Task requirements: The entries below are to be returned exactly. Include all of them.

Web page caption snippets:
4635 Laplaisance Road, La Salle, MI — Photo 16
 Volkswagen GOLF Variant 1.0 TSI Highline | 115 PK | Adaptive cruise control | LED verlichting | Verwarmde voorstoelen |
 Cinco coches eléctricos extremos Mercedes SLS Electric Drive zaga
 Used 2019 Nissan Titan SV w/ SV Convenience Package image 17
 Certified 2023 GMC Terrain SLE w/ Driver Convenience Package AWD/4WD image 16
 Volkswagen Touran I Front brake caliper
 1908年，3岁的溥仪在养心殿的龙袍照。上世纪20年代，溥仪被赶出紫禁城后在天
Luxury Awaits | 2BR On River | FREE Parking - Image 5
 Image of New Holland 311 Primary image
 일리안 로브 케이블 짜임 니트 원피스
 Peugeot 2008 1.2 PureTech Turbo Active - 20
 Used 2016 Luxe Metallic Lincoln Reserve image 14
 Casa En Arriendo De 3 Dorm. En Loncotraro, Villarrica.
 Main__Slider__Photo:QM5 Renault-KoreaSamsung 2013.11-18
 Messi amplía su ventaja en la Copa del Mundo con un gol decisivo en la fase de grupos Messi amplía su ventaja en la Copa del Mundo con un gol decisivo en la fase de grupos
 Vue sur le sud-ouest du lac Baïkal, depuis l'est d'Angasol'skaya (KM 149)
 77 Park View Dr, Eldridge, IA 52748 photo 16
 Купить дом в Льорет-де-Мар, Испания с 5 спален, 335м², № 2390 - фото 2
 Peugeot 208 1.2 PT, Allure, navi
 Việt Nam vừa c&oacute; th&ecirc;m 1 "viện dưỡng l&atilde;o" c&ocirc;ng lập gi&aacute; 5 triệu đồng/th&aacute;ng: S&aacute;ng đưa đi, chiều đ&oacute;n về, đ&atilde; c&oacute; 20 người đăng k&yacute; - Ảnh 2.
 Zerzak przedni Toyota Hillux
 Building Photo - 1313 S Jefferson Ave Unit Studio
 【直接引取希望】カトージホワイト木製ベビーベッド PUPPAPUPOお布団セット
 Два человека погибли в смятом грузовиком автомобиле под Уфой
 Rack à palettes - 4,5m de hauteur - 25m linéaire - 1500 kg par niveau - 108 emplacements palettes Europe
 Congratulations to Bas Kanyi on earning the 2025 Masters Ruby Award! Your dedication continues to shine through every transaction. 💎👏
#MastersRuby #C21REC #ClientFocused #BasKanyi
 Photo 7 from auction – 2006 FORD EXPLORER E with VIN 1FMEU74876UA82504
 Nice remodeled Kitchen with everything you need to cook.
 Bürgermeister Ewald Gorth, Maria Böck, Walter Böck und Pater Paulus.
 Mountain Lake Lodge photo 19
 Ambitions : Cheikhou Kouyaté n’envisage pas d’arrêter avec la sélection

Result of the exercise:
4635 Laplaisance Road, La Salle, MI — Photo 16
 Volkswagen GOLF Variant 1.0 TSI Highline | 115 PK | Adaptive cruise control | LED verlichting | Verwarmde voorstoelen |
 Cinco coches eléctricos extremos Mercedes SLS Electric Drive zaga
 Used 2019 Nissan Titan SV w/ SV Convenience Package image 17
 Certified 2023 GMC Terrain SLE w/ Driver Convenience Package AWD/4WD image 16
 Volkswagen Touran I Front brake caliper
 1908年，3岁的溥仪在养心殿的龙袍照。上世纪20年代，溥仪被赶出紫禁城后在天
Luxury Awaits | 2BR On River | FREE Parking - Image 5
 Image of New Holland 311 Primary image
 일리안 로브 케이블 짜임 니트 원피스
 Peugeot 2008 1.2 PureTech Turbo Active - 20
 Used 2016 Luxe Metallic Lincoln Reserve image 14
 Casa En Arriendo De 3 Dorm. En Loncotraro, Villarrica.
 Main__Slider__Photo:QM5 Renault-KoreaSamsung 2013.11-18
 Messi amplía su ventaja en la Copa del Mundo con un gol decisivo en la fase de grupos Messi amplía su ventaja en la Copa del Mundo con un gol decisivo en la fase de grupos
 Vue sur le sud-ouest du lac Baïkal, depuis l'est d'Angasol'skaya (KM 149)
 77 Park View Dr, Eldridge, IA 52748 photo 16
 Купить дом в Льорет-де-Мар, Испания с 5 спален, 335м², № 2390 - фото 2
 Peugeot 208 1.2 PT, Allure, navi
 Việt Nam vừa c&oacute; th&ecirc;m 1 "viện dưỡng l&atilde;o" c&ocirc;ng lập gi&aacute; 5 triệu đồng/th&aacute;ng: S&aacute;ng đưa đi, chiều đ&oacute;n về, đ&atilde; c&oacute; 20 người đăng k&yacute; - Ảnh 2.
 Zerzak przedni Toyota Hillux
 Building Photo - 1313 S Jefferson Ave Unit Studio
 【直接引取希望】カトージホワイト木製ベビーベッド PUPPAPUPOお布団セット
 Два человека погибли в смятом грузовиком автомобиле под Уфой
 Rack à palettes - 4,5m de hauteur - 25m linéaire - 1500 kg par niveau - 108 emplacements palettes Europe
 Congratulations to Bas Kanyi on earning the 2025 Masters Ruby Award! Your dedication continues to shine through every transaction. 💎👏
#MastersRuby #C21REC #ClientFocused #BasKanyi
 Photo 7 from auction – 2006 FORD EXPLORER E with VIN 1FMEU74876UA82504
 Nice remodeled Kitchen with everything you need to cook.
 Bürgermeister Ewald Gorth, Maria Böck, Walter Böck und Pater Paulus.
 Mountain Lake Lodge photo 19
 Ambitions : Cheikhou Kouyaté n’envisage pas d’arrêter avec la sélection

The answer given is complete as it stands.